### EXERCISE DIRECTIONS
Please reproduce all of the data exactly as it appears, but skip the pictures.

### INFORMATION SUPPLIED
════════════════

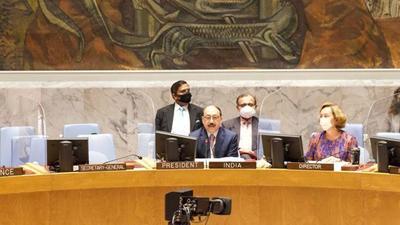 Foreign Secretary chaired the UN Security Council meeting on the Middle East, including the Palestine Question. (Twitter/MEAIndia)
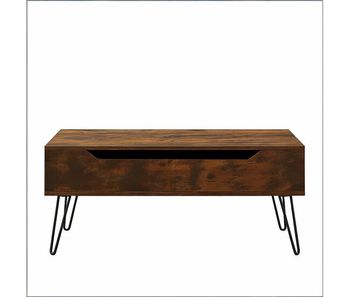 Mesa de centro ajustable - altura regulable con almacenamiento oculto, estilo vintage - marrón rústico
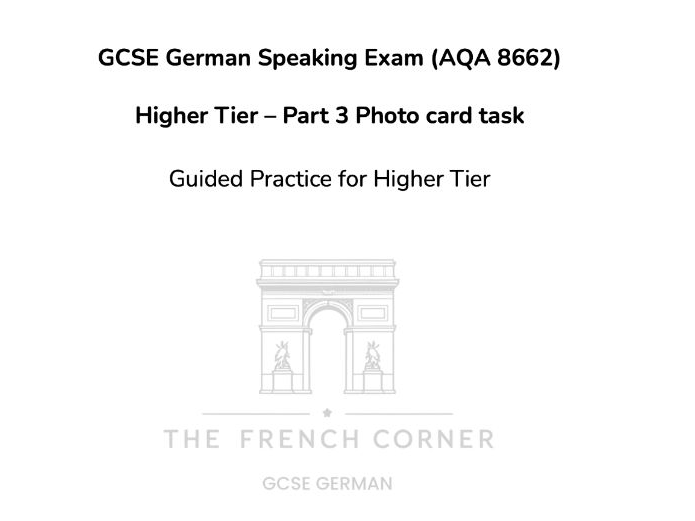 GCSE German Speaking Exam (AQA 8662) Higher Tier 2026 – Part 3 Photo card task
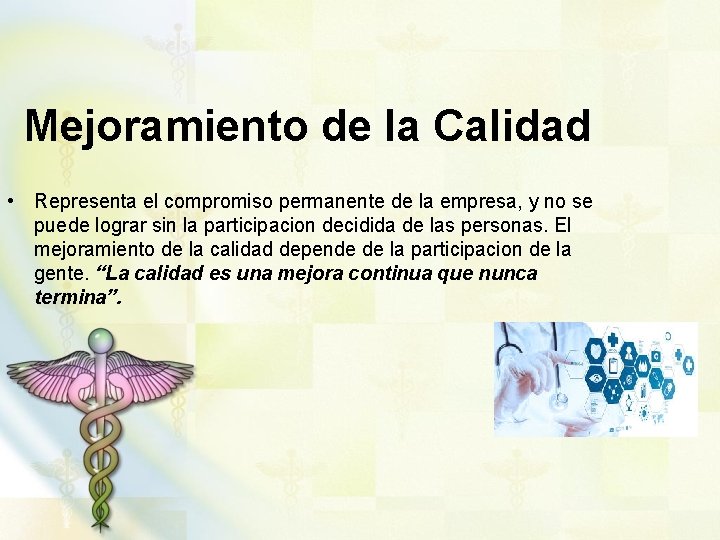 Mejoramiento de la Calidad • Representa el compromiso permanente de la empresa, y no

════════════════

### FINISHED TASK
 Foreign Secretary chaired the UN Security Council meeting on the Middle East, including the Palestine Question. (Twitter/MEAIndia)
 Mesa de centro ajustable - altura regulable con almacenamiento oculto, estilo vintage - marrón rústico
 GCSE German Speaking Exam (AQA 8662) Higher Tier 2026 – Part 3 Photo card task
 Mejoramiento de la Calidad • Representa el compromiso permanente de la empresa, y no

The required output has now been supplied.